Qual o valor da memória? Quanto vale um registro histórico?
A definição da importância, histórica, artística ou recreativa, de algo que se quer documentar parte do subjetivo e talvez seja irrelevante, visto que existem boas e más obras que falam sobre assuntos macros (guerras ou escândalos de corrupção), e boas e más obras que falam sobre assuntos pessoais e desconhecidos (a vida de um pai ou apicultores da Macedônia do Norte).
No caso de Inseparáveis, a diretora e roteirista María Álvarez prefere o ignorado. O filme mostra o cotidiano e memórias das irmãs gêmeas Isabel e Amelia Cavallini (carinhosamente apelidadas de Ynga e Coca), duas nonagenárias solteiras, sem filhos e que outrora experimentaram o sucesso artístico como um duo de pianistas, apresentando-se, inclusive no exterior, em longas temporadas e conquistando elogios de diversos músicos consagrados.
Na relação entre as duas protagonistas há momentos de grosseria e impaciência. Ué, mas “quem nunca”? Dinâmica entre irmãos é assim mesmo, certo? Mais importante que isso, a captura de pequenos gestos de afeto, como uma arrumar o cabelo da outra enquanto sorri durante alguns segundos, evidencia o amor que há ali.
As duas estão e estiveram sempre juntas, da forma que sugere o título e outros símbolos visuais, como os adesivos de duas estrelas sobrepostas em uma vitrine.
No pequeno apartamento, disputam espaço obras de arte, estátuas de santos, quadros e fotografias, além de um grande e raro piano de cauda que provavelmente vale mais do que o imóvel em que habitam as irmãs. A direção capta bem a bagunça de objetos, tão abarrotados e acumulados como a mente das duas.
Uma sensação inicial de cheiro de mofo e desordem é substituída pelo sentimento final de aconchego. Parte disso vem de escolhas técnicas, como preferir a luz âmbar confortável, sem a artificialidade de equipamentos de iluminação que reportagens televisivas normalmente utilizam. O impacto visual é sentido, por exemplo, quando outros ambientes são explorados, como as refeições no fast food.
A intimidade é conquistada pela cineasta e transferida para o público. Aprende-se que bonecas de brinquedo têm importância e não deixa de ser doce acompanhá-las mimando os bebês-fake (um pouco assustadores, inclusive).
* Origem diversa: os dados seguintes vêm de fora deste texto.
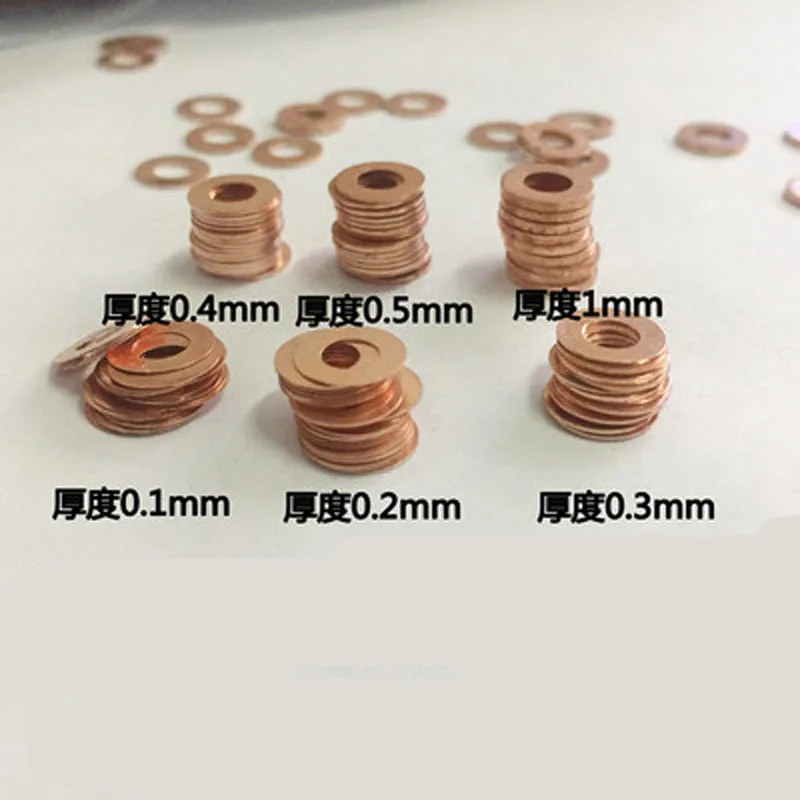 TB2FdLiskKWBuNjy1zjXXcOypXa_!!1589355577.jpg_400x400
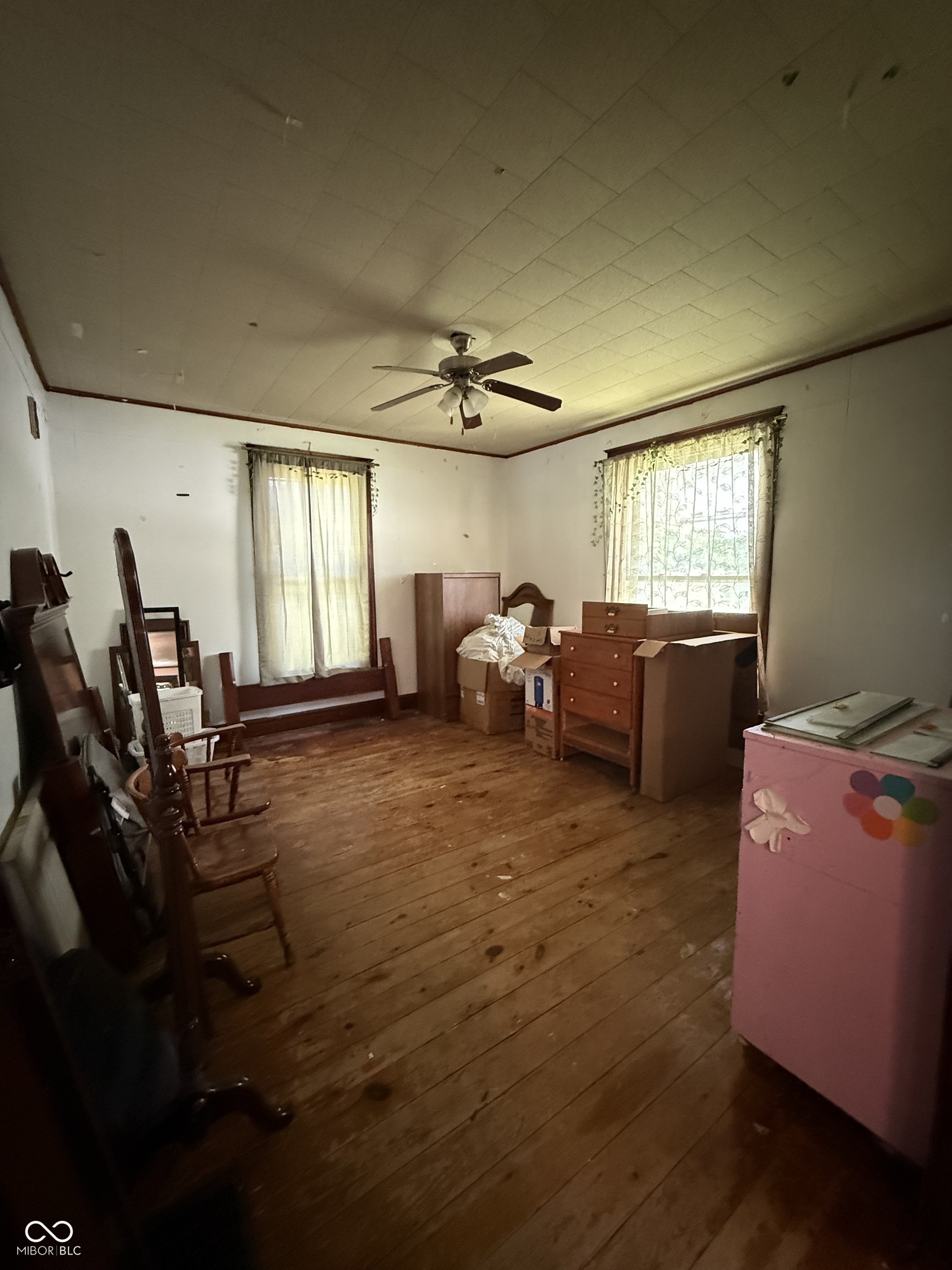 116 South Range Street Newtown, IN 47969 - Photo 7 of 19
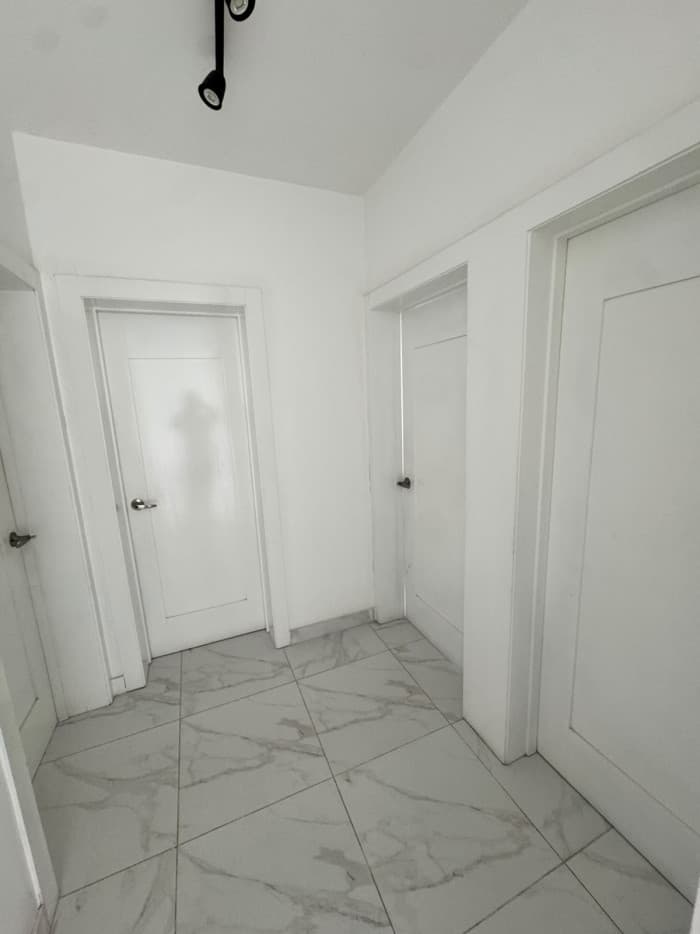 VENTA DE APARTAMENTO RESIDENCIAL, SANTIAGO  - foto 11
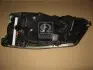 Фара пра. VW CADDY 11- (вир-во TYC) 20-C473-05-2B 20-C473-05-2B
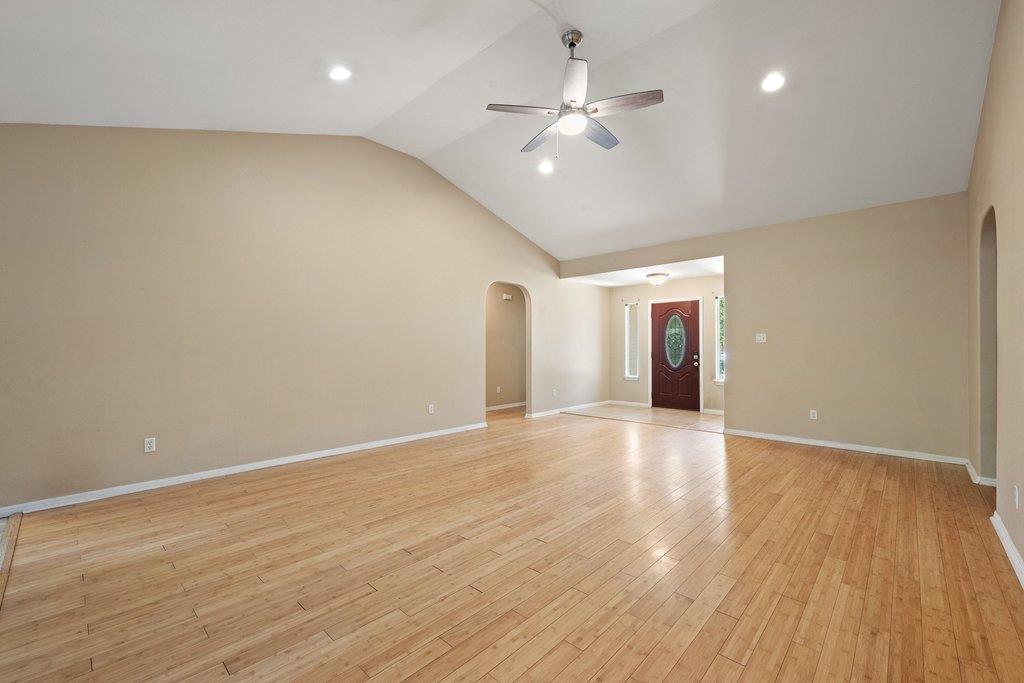 5208 Sioux Ln Property Photo 13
No entanto, em um momento de dor das irmãs, pra quê a câmera persegue ferozmente aquele sofrimento? Dado o tom do documentário, o poder sugestão talvez fosse mais adequado, até porque o fato de ter ido com a câmera trêmula atrás do que ocorreu nada explica. Da mesma forma, em um depoimento emocionado, a câmera faz questão de corrigir o quadro para melhor enquadrar o rosto da personagem. Qual o limite do invasivo e da exploração da dor?
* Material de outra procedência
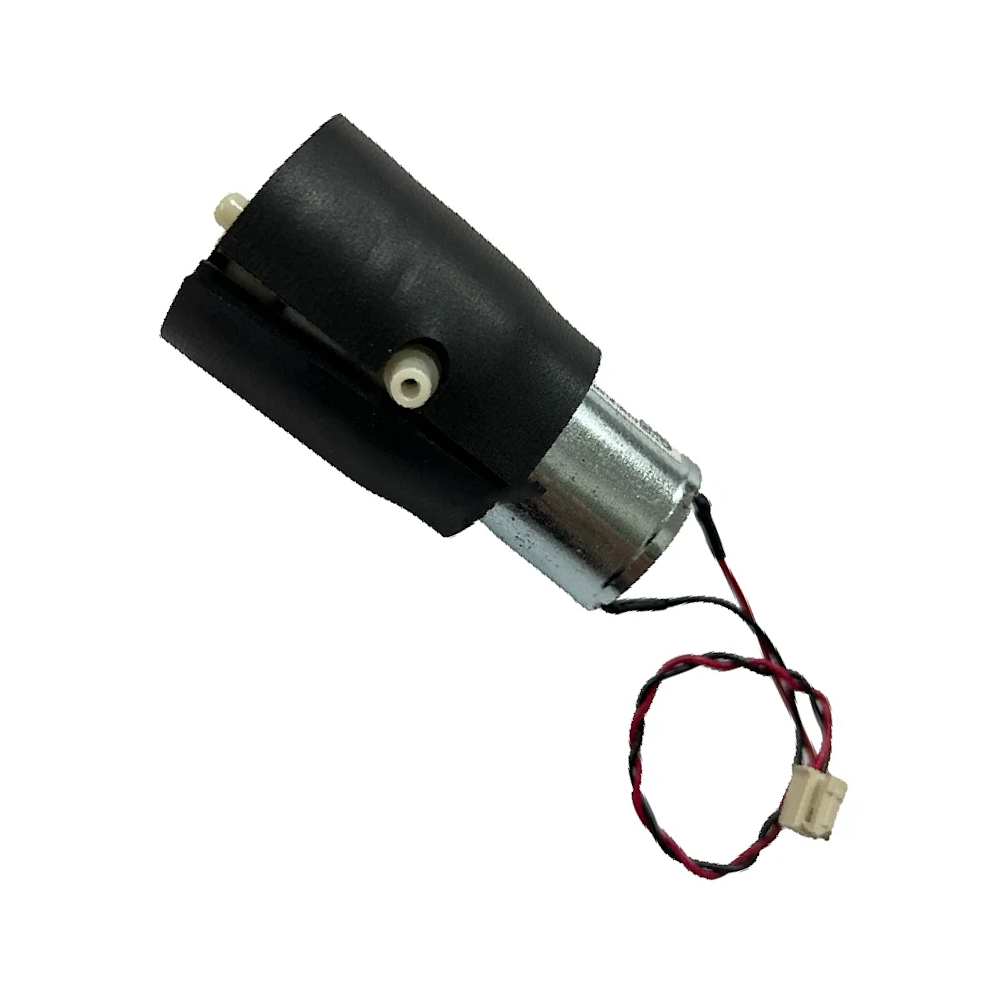 Roborock S8 MaxV Ultra | Original Spare & Repair Parts For Auto Dock: Water Pump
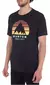 Remera Burton New Underhill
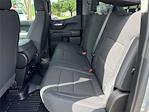 New 2025 GMC Sierra 1500 Pro Double Cab Pickup for sale #25G6063 - photo 7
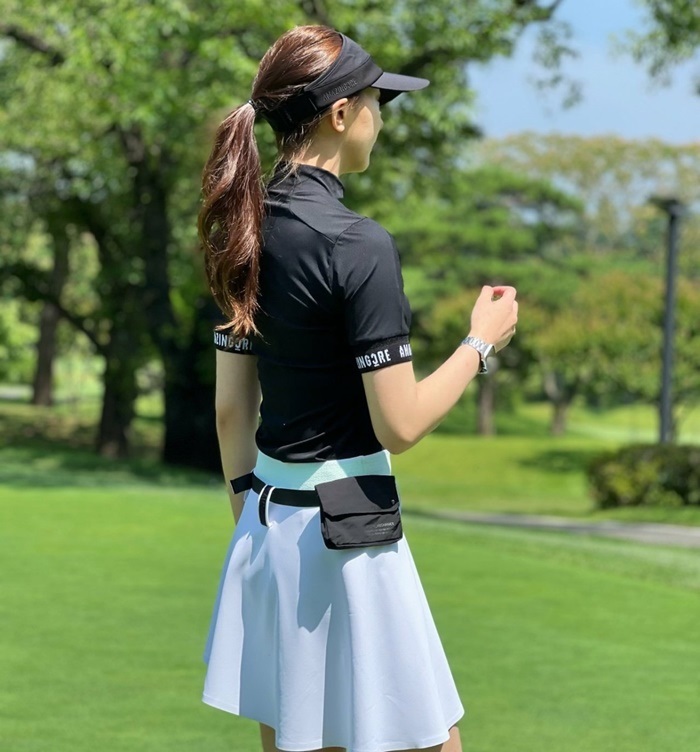 43dd7e40f9064b14d821c7b425231e08_1718805962_5569.jpg 43dd7e40f9064b14d821c7b425231e08_1718805962_5569.jpg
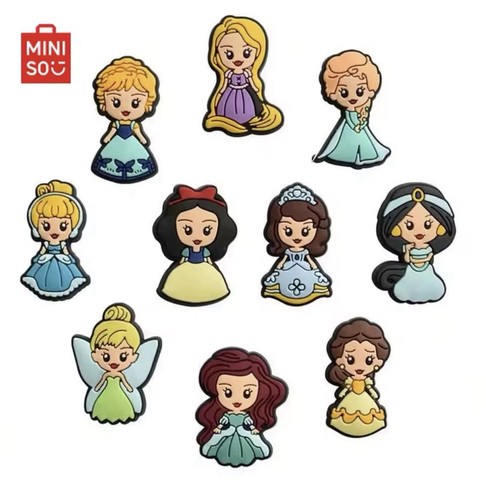 Prinzessin frozen elsa - prinzessin,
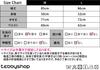 DAYCLOSET Mini Long Above the Puff tops1678 Dress, Sleeves, Knee, A-Line, Tiered, Flared, Sleeves, Mid-Weight, Spring/Autumn, (M, Black)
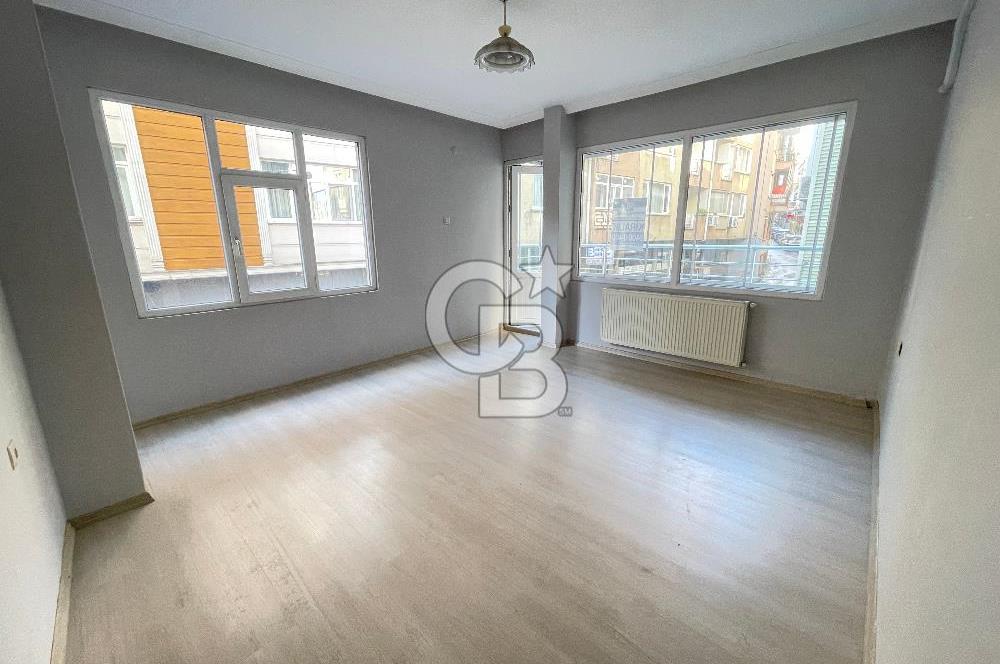 MEYDAN'A YÜRÜME MESAFESİNDE KİRALIK DAİRE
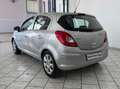 Opel Corsa Corsa 5p 1.2 Club Gpl-tech Grau - thumbnail 6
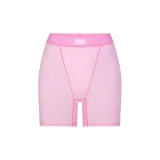 1 Pack (BUBBLE GUM/Bubble Gum)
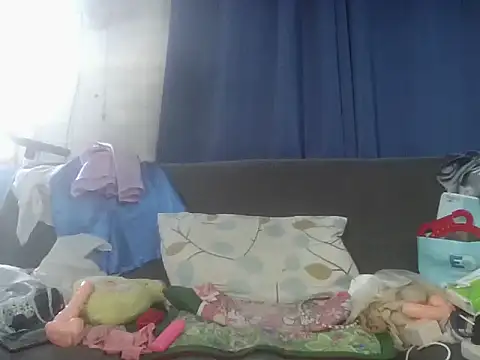 Chatroom XXX en direct de xloverboobsx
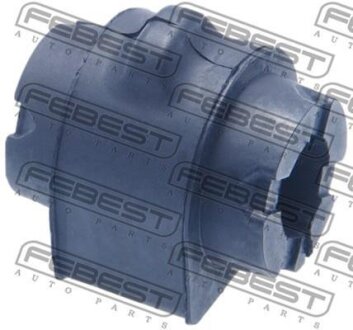 Втулка стабілізатора FEBEST FDSB-CB4R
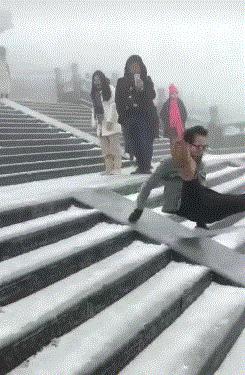 有没有结婚找不到伴娘的尴尬,实在找不到伴娘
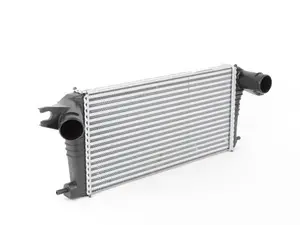JCW Intercooler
Talvez por uma questão de reparação com o apagamento feito, Álvarez registra a história das duas senhoras em todos os momentos que julgou relevante. Ao mesmo tempo em que o desmonte da vida é inevitável e as assinaturas no piano serão lixadas e apagadas, as Irmãs Cavallini ficarão gravadas na obra da diretora. E quem sabe na memória de quem a assiste.